■ EXERCISE INSTRUCTIONS:
Look below for the line containing "Răng toàn sứ Sagemax, Răng"; from there, print each line exactly up to and including the line containing "quiero tu coronavirus", and stop.

■ RECORDS FOR THE EXERCISE:
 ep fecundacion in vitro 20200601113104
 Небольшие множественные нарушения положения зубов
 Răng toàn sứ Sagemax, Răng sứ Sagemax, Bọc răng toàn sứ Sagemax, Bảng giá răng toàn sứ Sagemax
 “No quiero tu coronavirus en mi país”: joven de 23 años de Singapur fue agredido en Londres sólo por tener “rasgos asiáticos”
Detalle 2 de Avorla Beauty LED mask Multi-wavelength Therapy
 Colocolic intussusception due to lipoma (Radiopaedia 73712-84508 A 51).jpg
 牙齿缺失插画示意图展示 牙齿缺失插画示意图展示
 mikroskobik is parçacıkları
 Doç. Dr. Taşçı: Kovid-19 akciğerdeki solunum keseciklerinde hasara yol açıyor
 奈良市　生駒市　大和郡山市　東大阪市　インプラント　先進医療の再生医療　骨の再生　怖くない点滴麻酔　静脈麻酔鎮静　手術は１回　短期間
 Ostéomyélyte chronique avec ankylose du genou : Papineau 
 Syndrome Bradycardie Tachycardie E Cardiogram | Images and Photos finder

...

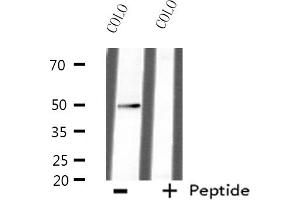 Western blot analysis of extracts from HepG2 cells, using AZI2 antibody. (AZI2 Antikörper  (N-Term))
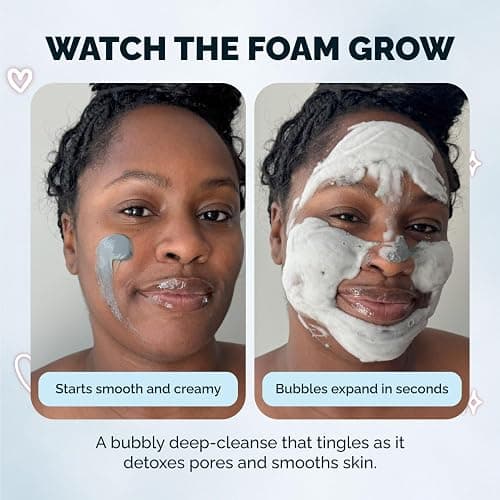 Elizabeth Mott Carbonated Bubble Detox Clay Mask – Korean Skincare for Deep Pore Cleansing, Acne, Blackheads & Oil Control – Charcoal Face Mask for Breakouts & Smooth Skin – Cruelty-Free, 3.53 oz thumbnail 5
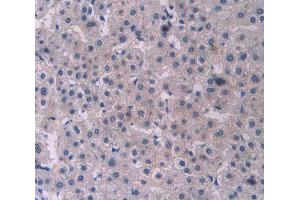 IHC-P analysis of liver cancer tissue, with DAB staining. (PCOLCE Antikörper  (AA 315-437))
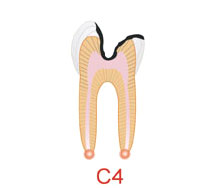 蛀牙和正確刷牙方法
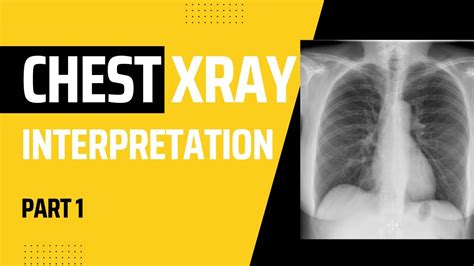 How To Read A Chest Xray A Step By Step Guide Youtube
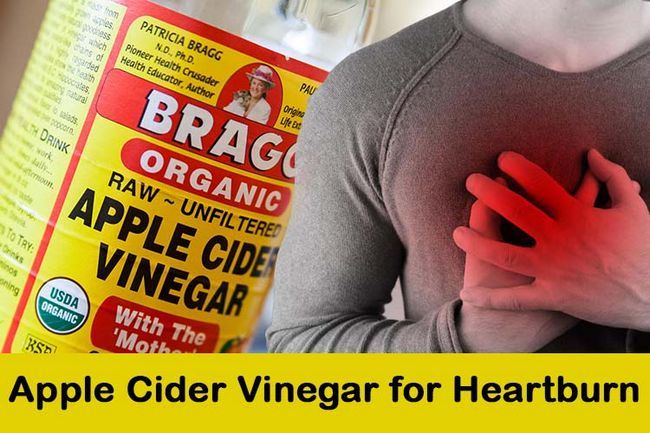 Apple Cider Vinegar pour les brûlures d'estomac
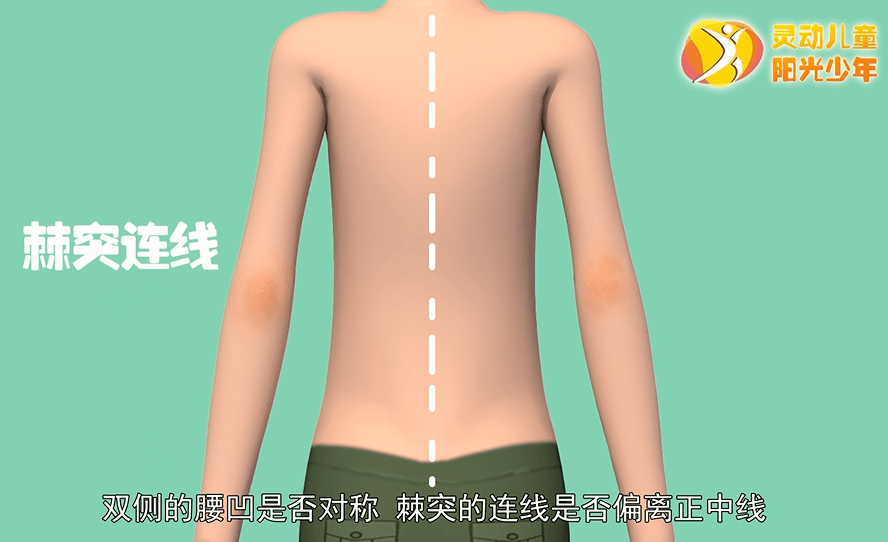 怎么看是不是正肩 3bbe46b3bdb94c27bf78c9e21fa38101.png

---

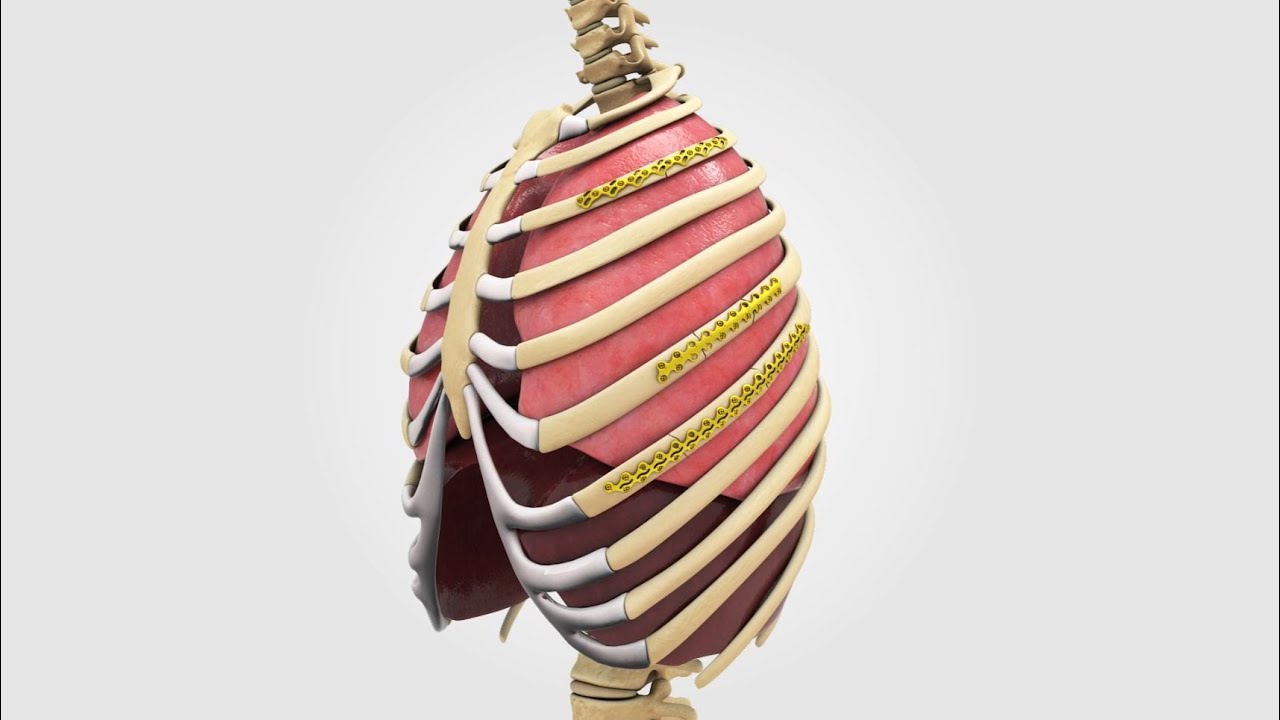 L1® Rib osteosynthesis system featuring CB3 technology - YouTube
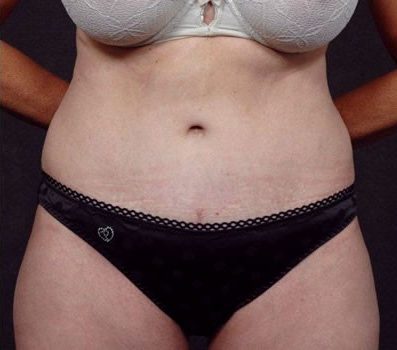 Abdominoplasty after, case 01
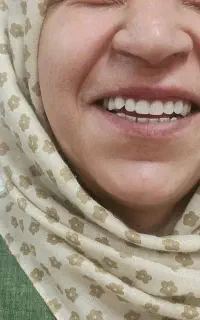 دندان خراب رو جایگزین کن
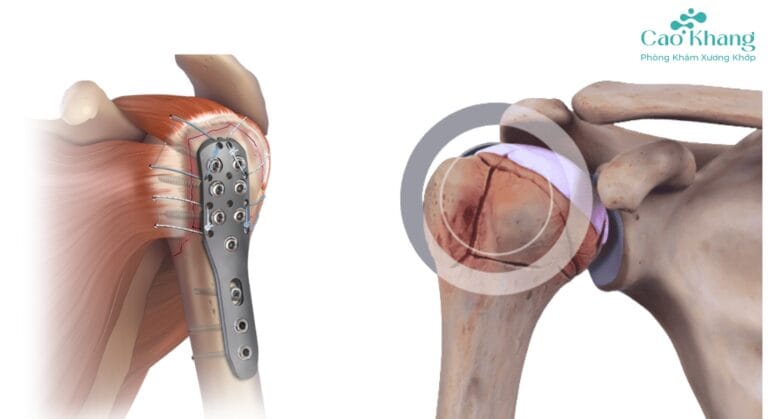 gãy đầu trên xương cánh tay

■ RESPONSE TO THIS TASK:
 Răng toàn sứ Sagemax, Răng sứ Sagemax, Bọc răng toàn sứ Sagemax, Bảng giá răng toàn sứ Sagemax
 “No quiero tu coronavirus en mi país”: joven de 23 años de Singapur fue agredido en Londres sólo por tener “rasgos asiáticos”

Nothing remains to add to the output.